** Opening Source material block **
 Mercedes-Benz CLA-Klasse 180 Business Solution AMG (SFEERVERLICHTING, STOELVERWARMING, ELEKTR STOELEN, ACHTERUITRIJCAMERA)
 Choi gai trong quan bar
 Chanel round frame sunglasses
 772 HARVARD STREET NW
** Closing Source material block **
** Opening Source material block **
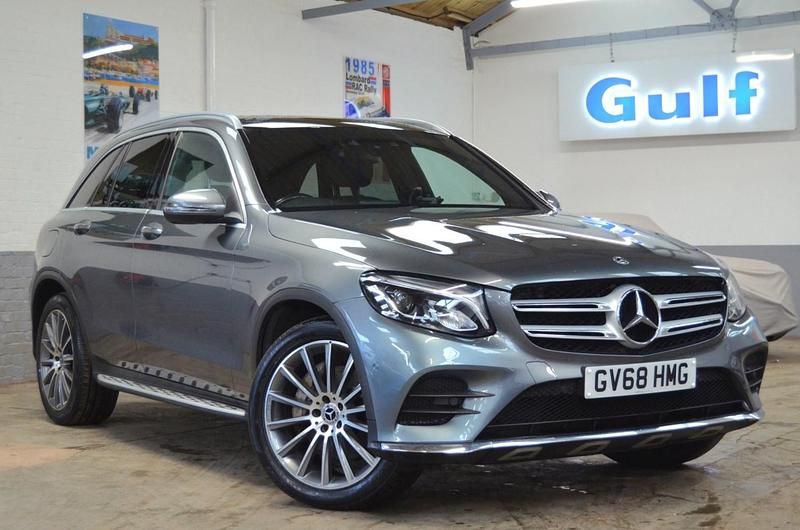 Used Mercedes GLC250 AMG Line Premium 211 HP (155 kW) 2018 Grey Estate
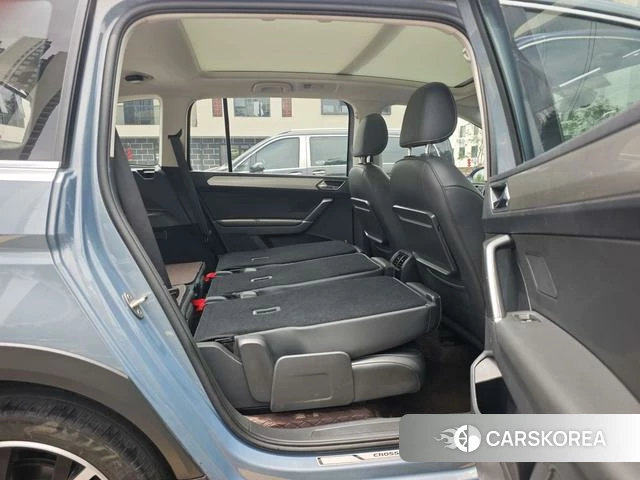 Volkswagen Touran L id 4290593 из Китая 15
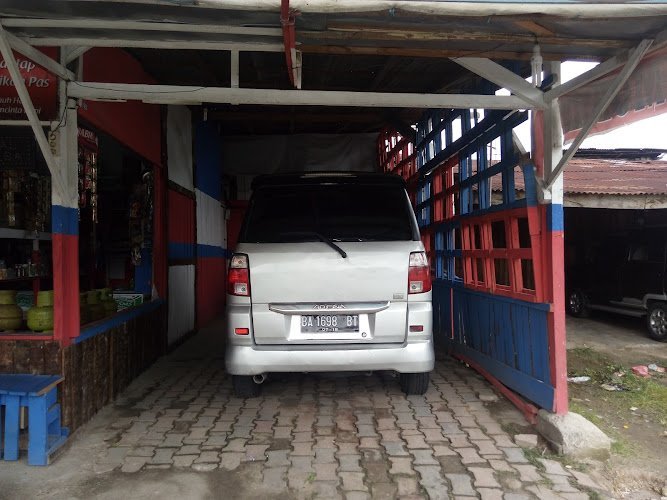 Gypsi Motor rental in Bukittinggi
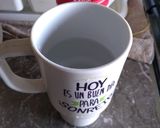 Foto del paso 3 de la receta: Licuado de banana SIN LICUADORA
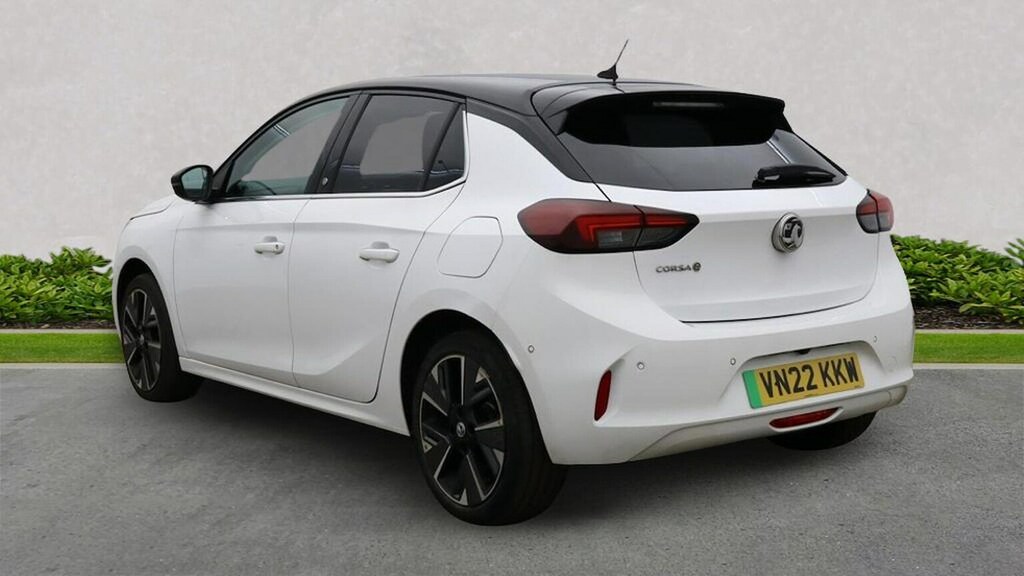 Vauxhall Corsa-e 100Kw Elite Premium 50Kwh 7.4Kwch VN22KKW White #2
** Closing Source material block **
** Opening Source material block **
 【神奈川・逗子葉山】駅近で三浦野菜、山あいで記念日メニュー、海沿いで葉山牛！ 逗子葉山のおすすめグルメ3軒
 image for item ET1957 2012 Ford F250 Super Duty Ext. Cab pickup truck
** Closing Source material block **
## Task requirements
In the listing above, find the line with "Mercedes-Benz CLA-Klasse 180" and the line with "772 HARVARD STREET NW", then print exactly those lines and every line between them.

## Response box
 Mercedes-Benz CLA-Klasse 180 Business Solution AMG (SFEERVERLICHTING, STOELVERWARMING, ELEKTR STOELEN, ACHTERUITRIJCAMERA)
 Choi gai trong quan bar
 Chanel round frame sunglasses
 772 HARVARD STREET NW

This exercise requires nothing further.